Two buddies slip a towel around his neck and a huge brass collar - called a corselet - before putting a copper-coloured Heinke helmet over his head and screwing it into place with 12 bolts. Two weights, each weighing 15lb, are placed over his chest and back, and a safety rope is attached round his waist. After a final check, his helmet's face plate is screwed securely into place. He is ready.
Struggling to his feet, Mick grabs one of his helper's outstretched hands for support and, after stomping into the water, disappears below the surface in a froth of bubbles.
As I watch, I have to remind myself that I haven't slipped into a time warp. Some of his equipment may date back to the last century, but we were at Stoney Cove, Leicestershire, in June, enjoying the Historical Diving Society's annual rally.
Formed in 1990, the HDS has around 250 members helping to keep a part of the Britain's maritime heritage alive. Mick Peters, an Ambulance Operations Service manager from St Martin's, Guernsey, explains: "I suppose we are a bit like people who love vintage cars, but it's hard to explain exactly what the attraction is."
Earlier in the day I had been diving at 7m when I spotted a diver struggle across the bottom, dragging his air hose behind him and kicking a cloud of fine silt into the water. He looked clumsy, reminding me of an astronaut bouncing across the surface of the moon. But, reckon HDS enthusiasts, you can be remarkably mobile below water.
"You couldn't go dancing in it," said Mike Watts, HDS Working Equipment Officer, "but it is very comfortable under water. Of course, it's very cumbersome compared to today's equipment, and you need a large support team because the diver can't dress himself. You need a team to supply his air and man his telephone."
What, no dancing? That's an understatement! Each diver has to wear about 150lb of equipment - helmets weigh around 55lb; shoes about 18lb each; there's about 40lb to be carried on the chest and back and the suit weighs about 20lb.
And the reason so much weight is needed is because the suits - known as dresses - are so buoyant. Each has a double layer of twill sandwiched between layers of rubber.
But although the equipment is crushingly heavy on the surface, it feels well-balanced below water. This is partly because of the suit's buoyancy, and partly because the weight is evenly spread. "You can adjust your buoyancy and step and hop along the bottom," says Mick, "and, although you cannot swim freely, you can move about all right. The main problem is dragging your air hose behind you."
Diving helmets are classified by the number of bolts used to secure them to the suit. Six-bolt versions are probably the most common, but there are twelve-bolt and three-bolt versions. Most are made from copper and brass or gunmetal, and collectors can expect to pay up to 2,000 for a helmet in good working order, although prices rocket for more unusual types. So how deep can they go? "The limiting factor is not the suit, it's the pump," Mick explains.
"Divers went deeper as pumps improved, but we do not go much deeper than 25ft - and we usually have a support diver.
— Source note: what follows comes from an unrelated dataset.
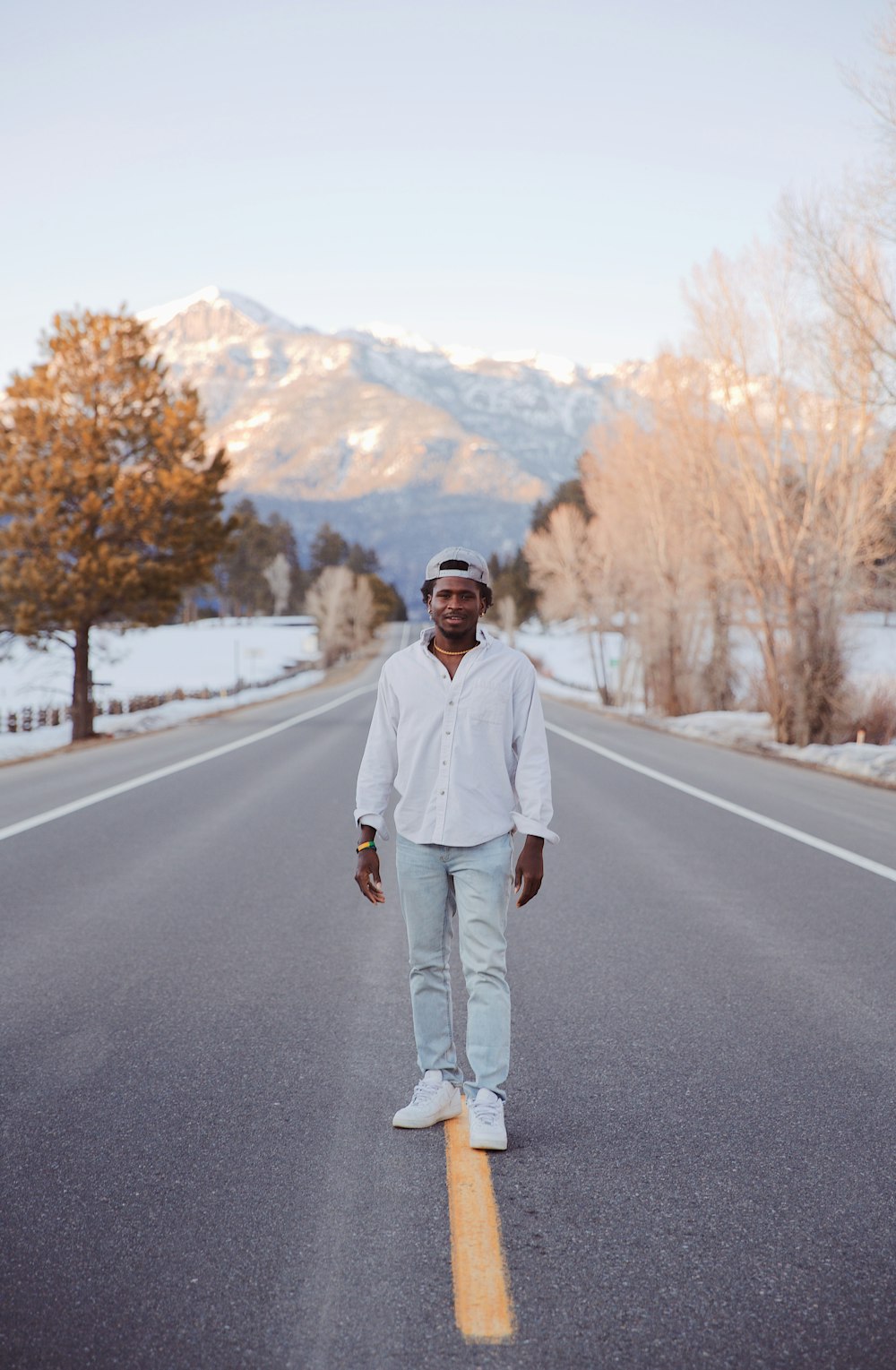 Hombre con camisa de vestir blanca y pantalones grises de pie en la carretera de asfalto gris durante el día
If there's any trouble, they can slip the weights off the diver's chest and ascend together." Divers can communicate with the surface either by tugging on the air hose line or the safety line, or by telephone sets inside the helmet.
Many of the divers - particularly among the party from Guernsey - dive wearing red woolly hats à la Jacques Cousteau. Mick postulates a couple of theories as to why. "I've heard that divers wore red hats so that crane drivers on the docks could see it was a diver and that they couldn't move out of the way quickly. The other story I heard is that a red hat was a sign of a convict in France and in the early days, diving was always done by convicts." Or perhaps it was just to keep their heads warm?